The face relaxed slightly. “Fair enough. I’m unattached. I’m straight. And interested in other people. We chubbies have a lot in common, right?”
He wasn’t happy with “chubby.” “Burly” was how he preferred to think of himself. She pushed more cake toward him to show solidarity, only at that moment he wanted to appear less solid. “Did Britt ever discuss her sex life with you?” This was a question he could ask more easily now.
“The men she had? No. I told you when you came before, she didn’t gossip. What I learned, I picked up here and there. The last boyfriend—I hate that word, but ‘lover’ sounds even more outdated—was that show jumper.”
“Marcus Martin. Did you meet him?”
“No. She was watching him on telly one day when I called. Frankly, he’s the last one I would have picked out of ail the riders. Little red-haired runt.”
“But a rich red-headed runt,” said Diamond. “And G.B. ? Last time we spoke, you weren’t willing to rate him as a boyfriend. I’ve met him since. He admitted to being keen at the time.”
“You’re telling me. He was undressing her with his eyes when we did the shoot in Trim Street,” she confirmed. “He certainly fancied his chances. She certainly didn’t. She was just toying with him.”

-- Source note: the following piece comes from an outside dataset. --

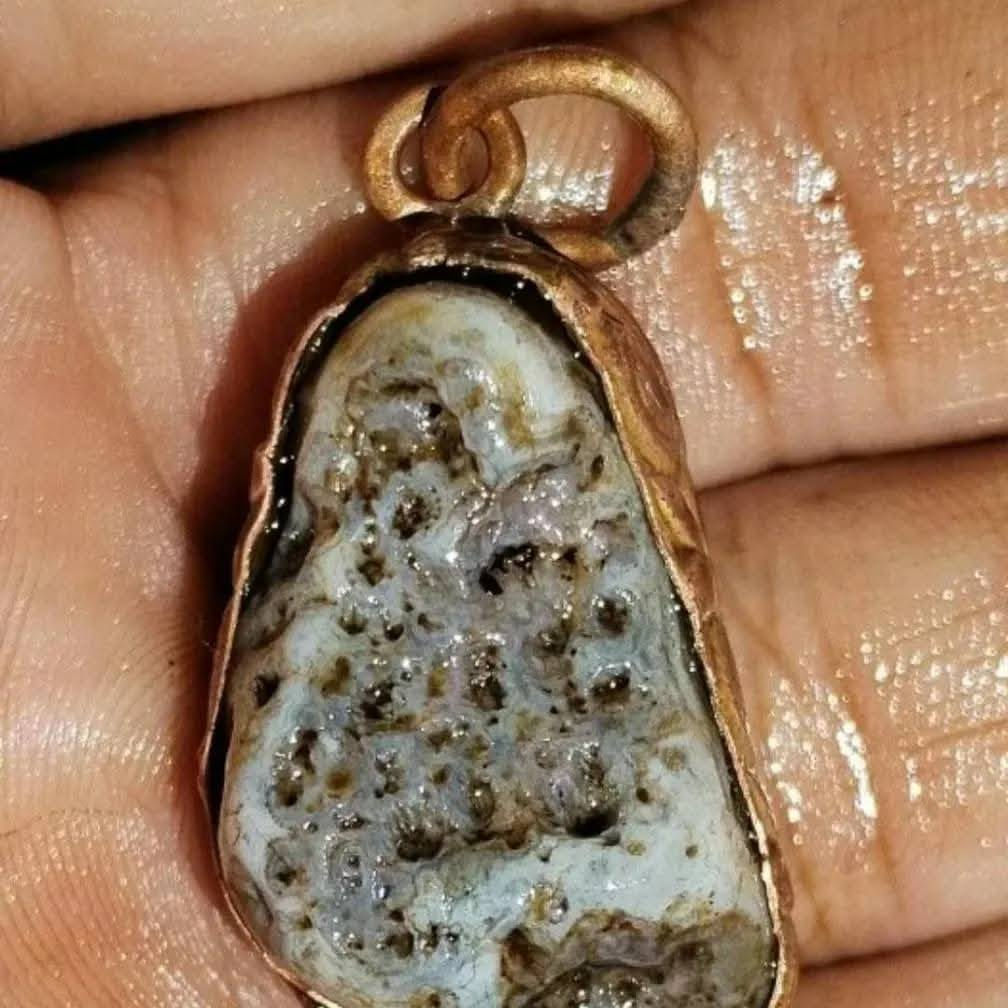 السعر خاص.  يوجد جميع انواع الاحجار  داخل الصفحه المهتم يدخل خاص ويدلل. جمله ومفرد


**إذا كنت صاحب هذا الإعلان وتريد حذفه لأي سبب، رجاءا أرسل رسالة إلى الدعم الفني**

“That’s what he says now.”
“Men are so gullible.”
He gave a shrug. “If I may, I’d like to take another look at the, em, pics you took.”

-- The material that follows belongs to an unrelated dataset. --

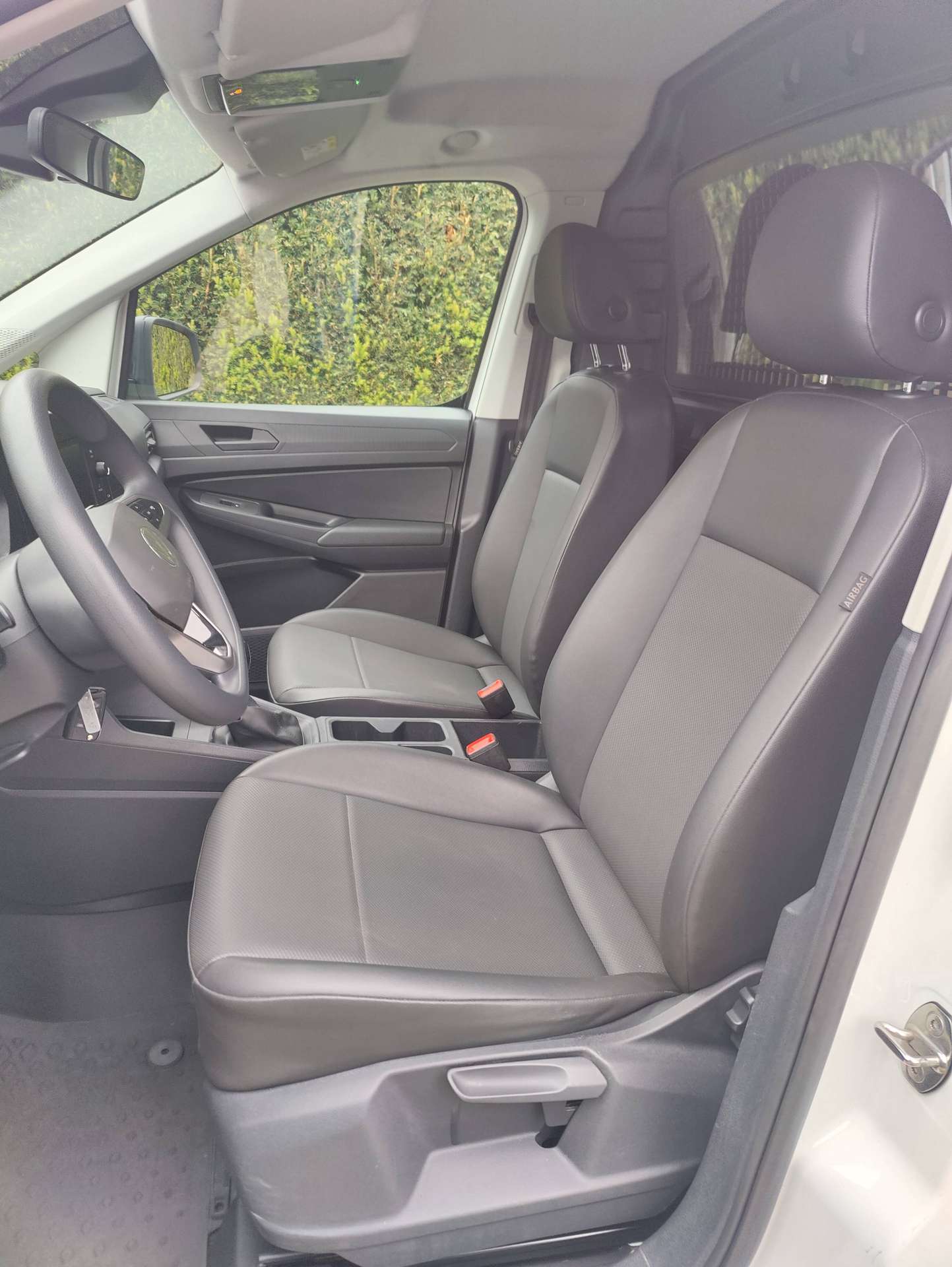 bf86e913-2c61-4503-92da-eb74c93e4c3110-volkswagen-caddy-caddy-2-0-tdi-20260507.jpg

“The Trim Street set? No problem.”
She went upstairs to fetch them. The smell of fruit cake was undermining Diamond’s defenses, so he stepped out of the kitchen. She had moved things round in the living room since his first visit. The alcove where the small violin had been displayed now had a green porcelain bowl, a special piece, no doubt, but of less appeal to Diamond, who warmed to children’s things in a house—with the exception of samplers, which tended to depress him when he thought of the forced labor involved. There were none here. Some of the pictures had been changed, however; instead of the Redoute roses, she had hung woodland scenes that weren’t much to his taste.

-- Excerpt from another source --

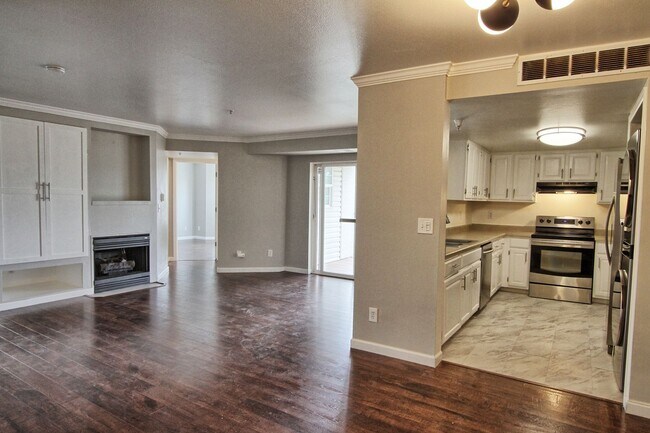 Building Photo - 12338 W Dorado Pl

“What do you think?” she asked, on her way downstairs with the photos. “I found them in an antique shop in Bradford-on-Avon.”
“You collect Corots then?”
She shrilled in surprise, “You know about art?”
“I know he writes his name very clearly in the corner.”
“Ah.”
Smarting at the contempt in that “Ah,” Diamond went on to say, “But I’ll tell you something about Corot. For every one of his paintings there are over a hundred forgeries. He’s the most forged painter in the world.” This useful piece of trivia had lodged in his memory thanks to a lecture at police training college. “These, I’m sure, must be genuine.”
“Genuine prints, ducky.” She handed him the manila folder of photos. “What are you looking for this time?”